La fotografía fue su pasión, pero no su profesión. En medio de limitadas ofertas académicas, se formó como contador y publicista por correspondencia, una modalidad de educación a distancia que se hizo popular entre las élites en la Guerra de los Mil Días y que años más tarde fue aprovechada por Guillermo para profesionalizarse en lo que entonces se conocía como las Escuelas Internacionales. Se abrió camino en las grandes iniciativas industriales y empresariales de Antioquia, fungiendo como contador para el proyecto de construcción de la carretera al mar.

Un ofrecimiento laboral de la Compañía Nacional de Chocolates lo llevó a Barranquilla, donde dirigió la contabilidad de la empresa. Además, esta ciudad le permitió moverse de un lado a otro dejando registro visual de un mundo más allá de las montañas antioqueñas. Descubrió las proezas del transporte fluvial en los vapores que navegaban por el río Magdalena, se insertó en un un entorno desconocido, creando historias visuales, que develan sus pulsiones creativas.

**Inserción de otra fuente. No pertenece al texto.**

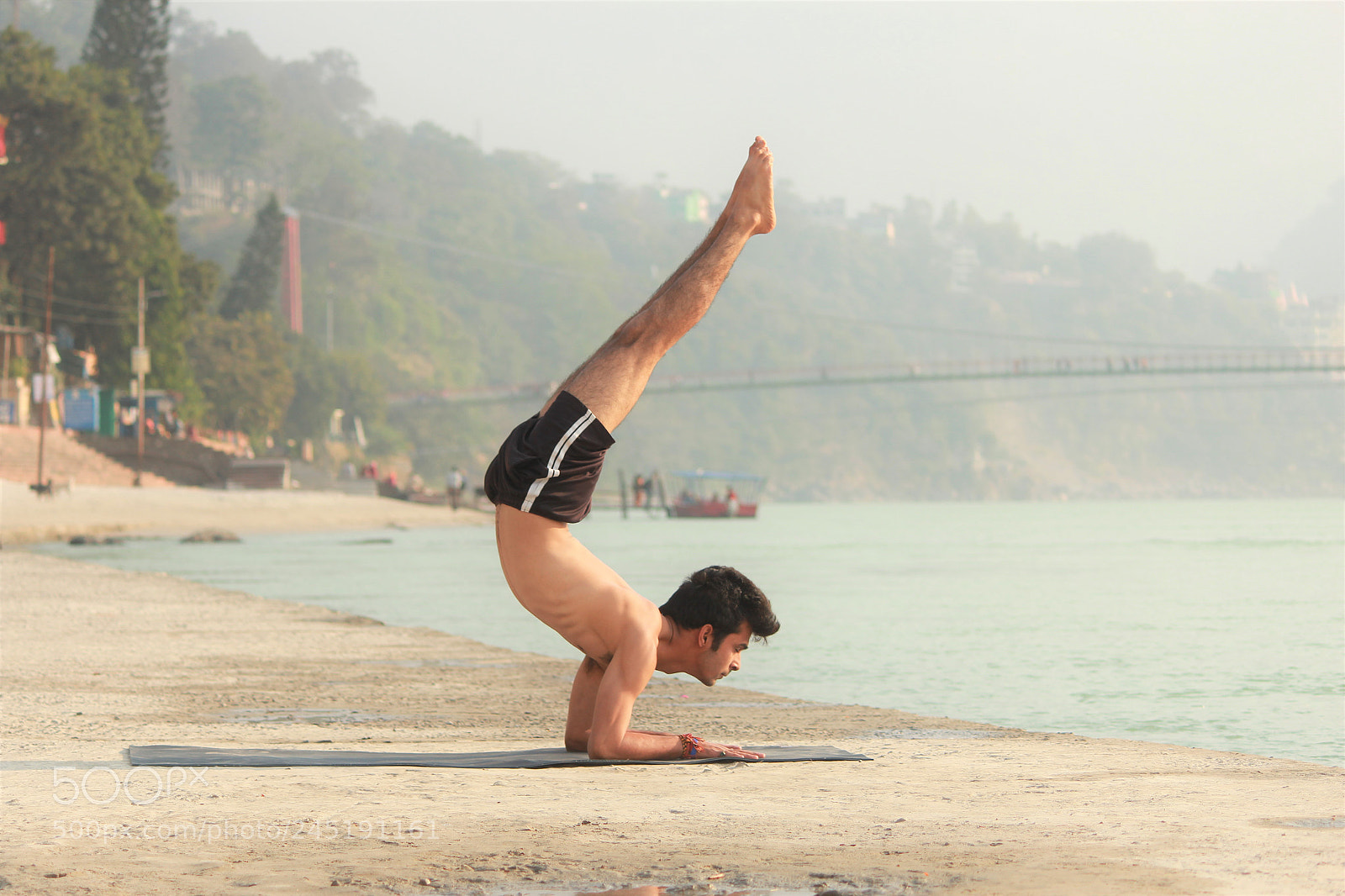 Canon EOS 1200D (EOS Rebel T5 / EOS Kiss X70 / EOS Hi) sample photo. Vinyasa flow yoga teacher photography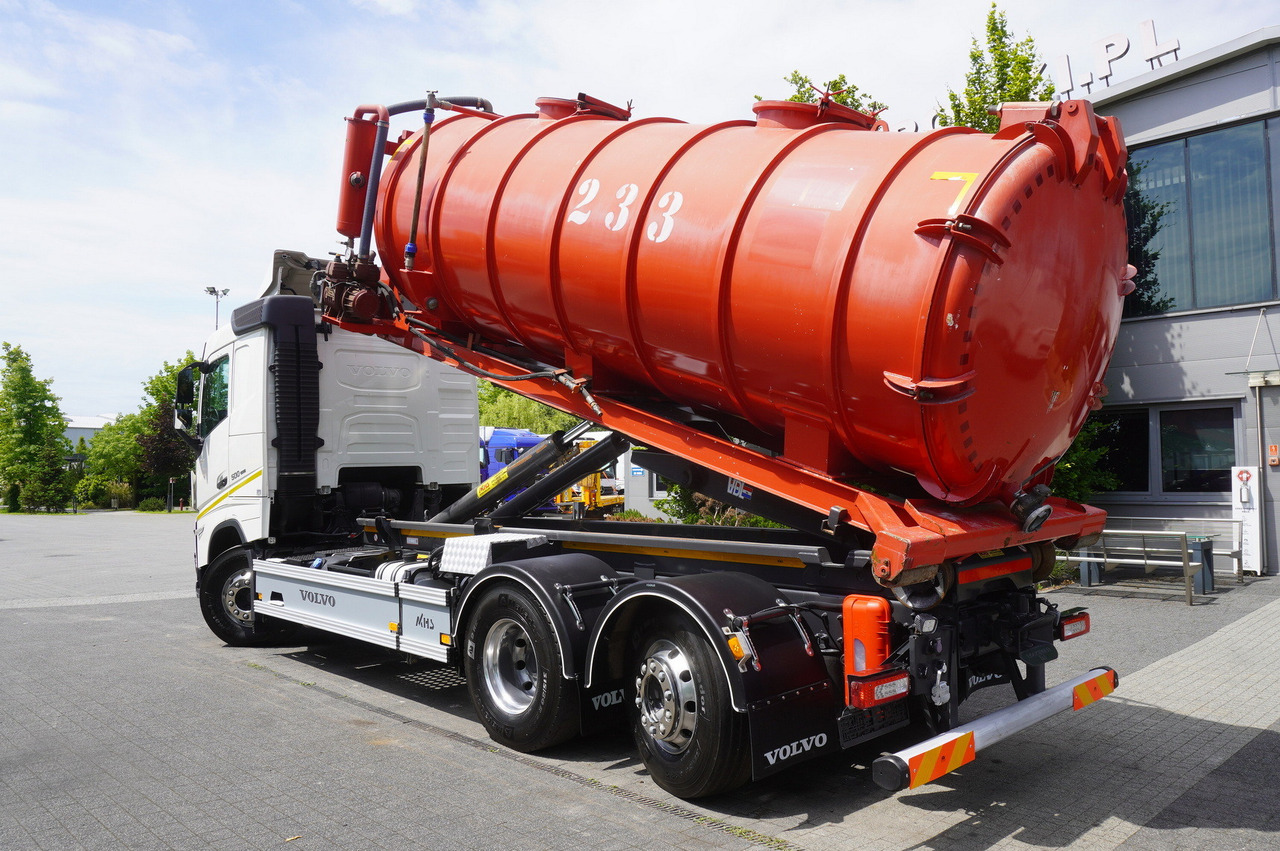 VOLVO Volvo FH 500 / Septic barrel 13000 l / Hook lift 21 t / 2022 / 3rd axle steered / 2 units - מכל תערובת: תמונה 5 VOLVO Volvo FH 500 / Septic barrel 13000 l / Hook lift 21 t / 2022 / 3rd axle steered / 2 units - מכל תערובת: תמונה 5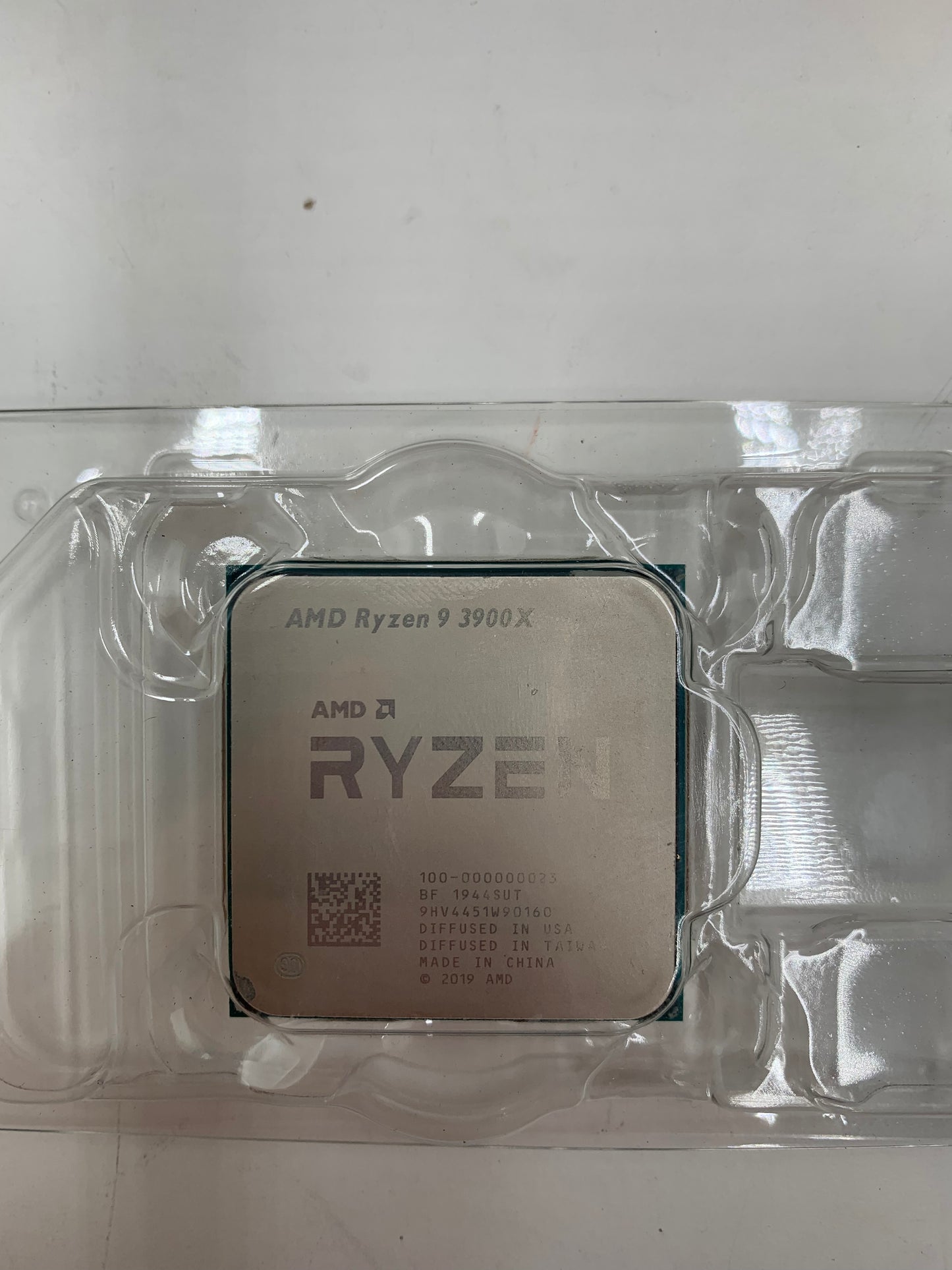 AMD Ryzen 9 3900X Processor CPU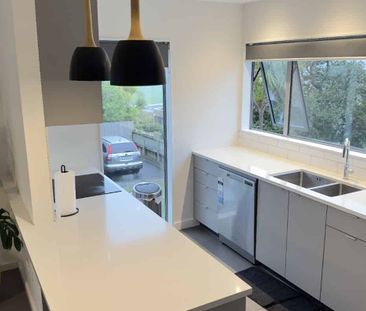 Modern living in Karori - Photo 4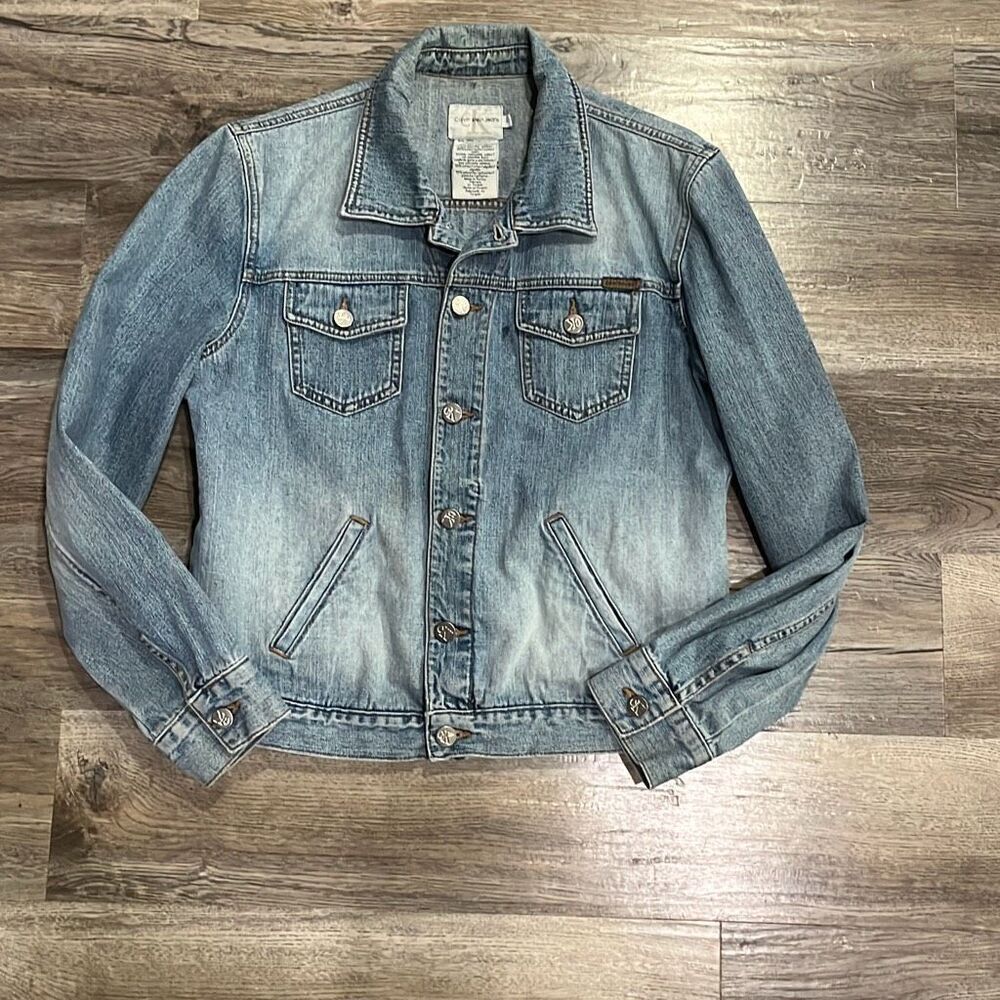 Classic Light Blue Denim Jacket - Women's Casual Trucker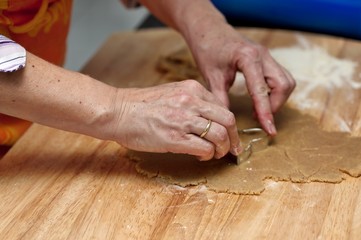 Weihnachtspl&auml;tzchen ausstechen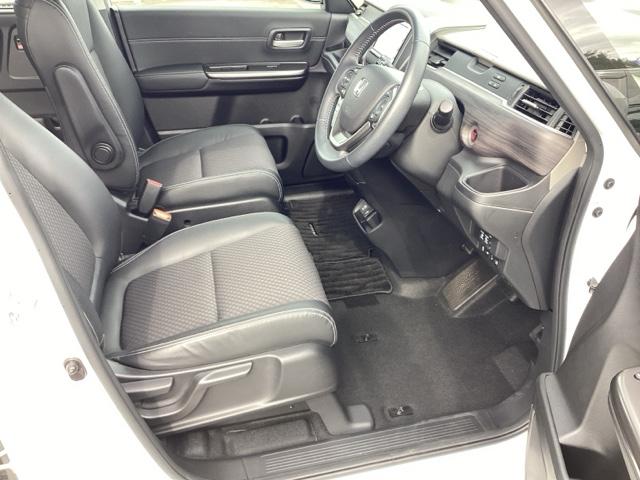 フリード+ G ワンオーナカー 衝突被害軽減システム ウォークスルー シ-トヒ-タ- 盗難防止装置 アイドリングストップ 両側パワースライドドア LEDヘッド Rカメ ESC エアバック ETC車載器 禁煙車(12枚目)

Cuando volvió a Medellín dejó la contabilidad y se dedicó a la publicidad, creó el departamento de propaganda de la Compañía Nacional de Chocolates, donde trabajó durante veintitrés años. Fue además el artífice en la consolidación de los departamentos de publicidad de Noel y Coltejer. Esas experiencias le permitieron abrir su propia oficina de representaciones en la que ofreció servicios de publicidad para empresas destacadas de la ciudad, como Almacenes Ley y Westinghouse. Fue así como se convirtió en uno de los pioneros de la publicidad en el país. Se codeó con artistas como Horacio Longas, con quien desarrolló varias propuestas creativas, y también tuvo contacto con el pintor Francisco Antonio Cano y con el caricaturista Ricardo Rendón. Pese a que se movió en un circuito empresarial y cultural reconocido, su nombre quedó en el anonimato.

En 1941 compró una tituladora y empalmadora y editó 116 películas, con ellas inició un peregrinaje personal hacia el recuerdo familiar, mostrando diferentes momentos y sus viajes alrededor del país, creándoles una narrativa auténtica de principio a fin. Con un temperamento sutil y discreto construyó un patrimonio poético, fotográfico y fílmico, que se traduce en un diario robusto, un cruce epistolar de más de cuatro décadas, y aproximadamente tres mil fotogramas, de los cuales 1998 se custodian en el Archivo Fotográfico de la Biblioteca Pública Piloto. Registró su entorno con peripecia, reflejando todas sus aristas; su vida e intereses trascendieron de lo real a lo ficcional, él mismo se definió como un hombre de “gomas”, es decir, un gomoso, aficionado de cosas inusuales: orquídeas, dalias, árboles frutales, estampillas y la crianza de treinta conejos, a los que amó tanto como a su cámara, y que, según él, le hablaban. 

Hasta los últimos días grabó a sus nietos, erigió su propio mausoleo y dejó su voluntad por escrito. Así como el cuento de Borges, Guillermo Ochoa encarna la esencia de Funes, el memorioso, fue un hombre de memorias prodigiosas y detalladas, que dejó en imágenes el testimonio de su paso por el mundo.